BEGIN

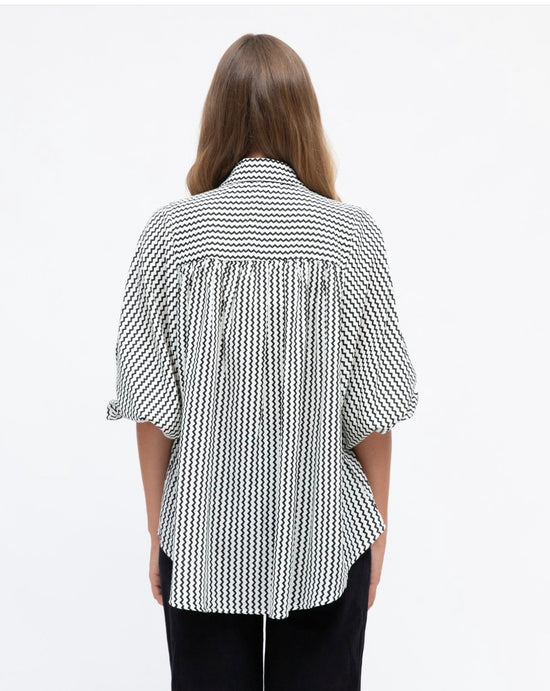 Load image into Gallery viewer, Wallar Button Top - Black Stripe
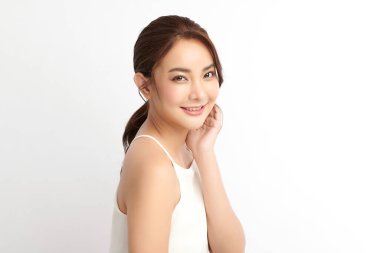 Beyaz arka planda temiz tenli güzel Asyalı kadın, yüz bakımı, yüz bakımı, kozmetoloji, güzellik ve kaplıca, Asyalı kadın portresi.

END
BEGIN

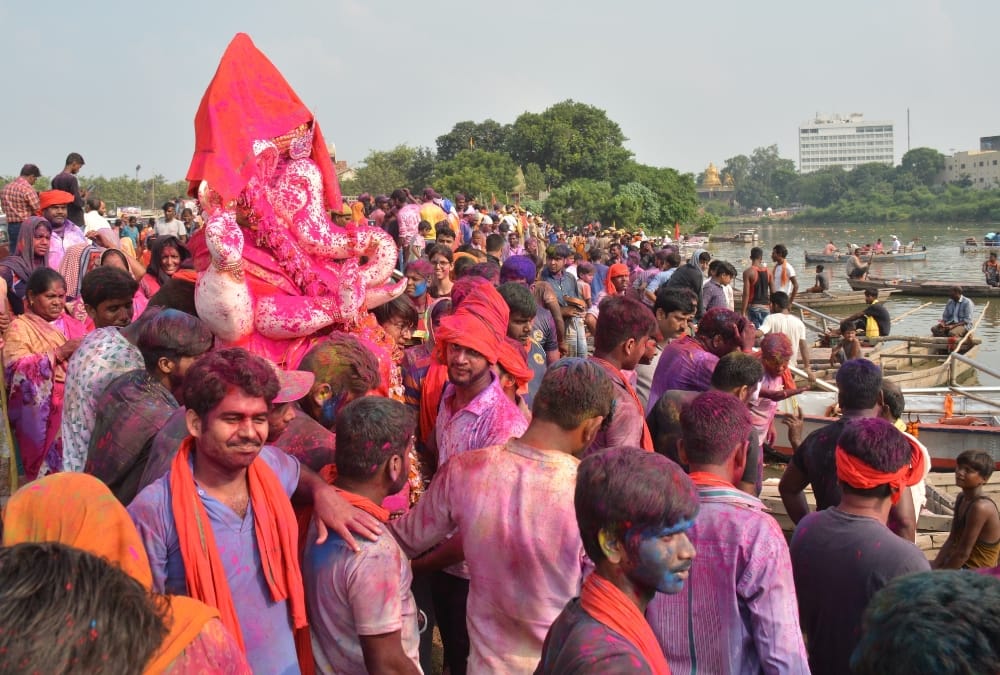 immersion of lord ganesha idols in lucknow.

END
BEGIN

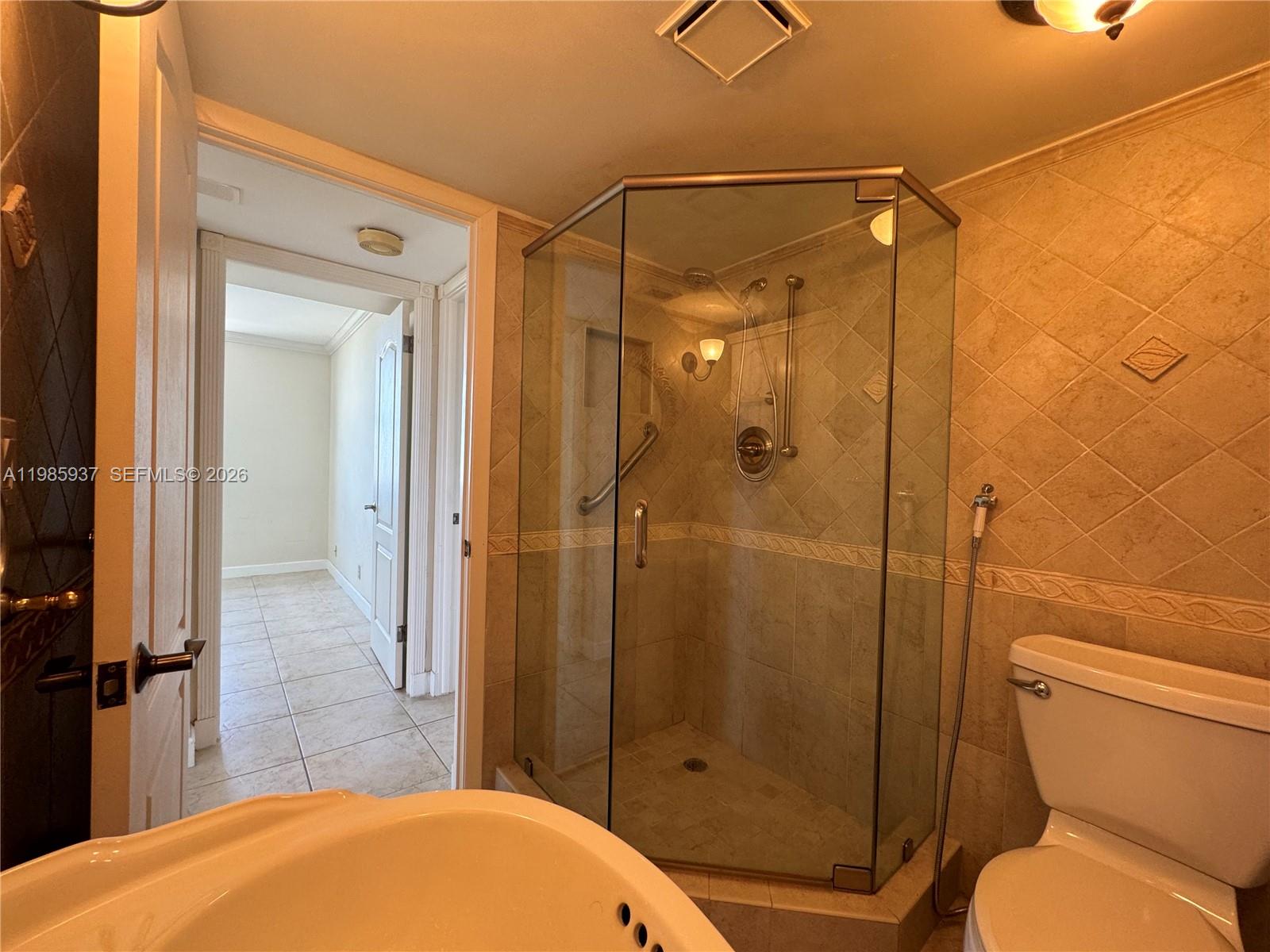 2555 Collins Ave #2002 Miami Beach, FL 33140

END

#### What the task requires:
Leave out the images and write out the lines above exactly, from the one with "Load image into" up to and including the one with "Beyaz arka planda".

#### Exercise output:
 Load image into Gallery viewer, Wallar Button Top - Black Stripe
 Beyaz arka planda temiz tenli güzel Asyalı kadın, yüz bakımı, yüz bakımı, kozmetoloji, güzellik ve kaplıca, Asyalı kadın portresi.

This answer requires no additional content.